AMERISURE MUTUAL INSURANCE v. MICROPLASTICS, INC. (September 20, 2010)
Microplastics manufacturers small plastic components. In 2004, it sold components to Valeo for use in manufacturing automobile door latch assemblies. Before the end of that year, it was apparent that the components were defective. Attempts to resolve the problem were unsuccessful. Valeo terminated the contract and applied money still owing to offset its damages. Microplastics filed suit for breach of contract -- Valeo asserted a counterclaim alleging that Microplastics failed to meet its engineering and quality specifications. Microplastics notified Amerisure, its insurer under a series of CGL policies. The policies provided coverage for "property damage," defined as physical injury to or loss of use of tangible property. Amerisure denied coverage and filed an action for a declaration that it had no duty to defend or indemnify. Microplastics and Valeo settled the underlying dispute. Judge Nordberg (N.D. Ill.) granted summary judgment for Amerisure. Microplastics appeals.

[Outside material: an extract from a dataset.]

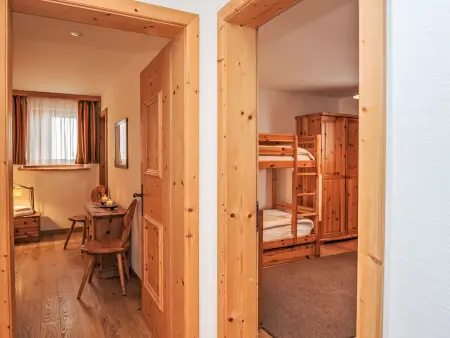 Chesa Dal Luf B5, Appartement 6 personnes à Silvaplana Surlej - Photo 9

In their opinion, Judges Cudahy, Ripple, and Hamilton affirmed. Under Illinois law, a court compares the allegations of the complaint to the policy language. If those allegations potentially fall within the policy language, the insurer has a duty to defend. Here, the policy covers "property damage" -- but property damage coverage applies to liability for damage to the property of others, not to the cost of repairing the insured's own property. The Court noted that it was unclear from Valeo's counterclaim whether it was asserting such loss. The Court conceded that it was theoretically possible that some of Valeo's losses resulted from damage to property other than the defective product. Theoretical losses, however, are not enough. The duty to defend is triggered only by actual allegations in the complaint, not implied ones. There is nothing in the complaint or the record suggesting any "property damage."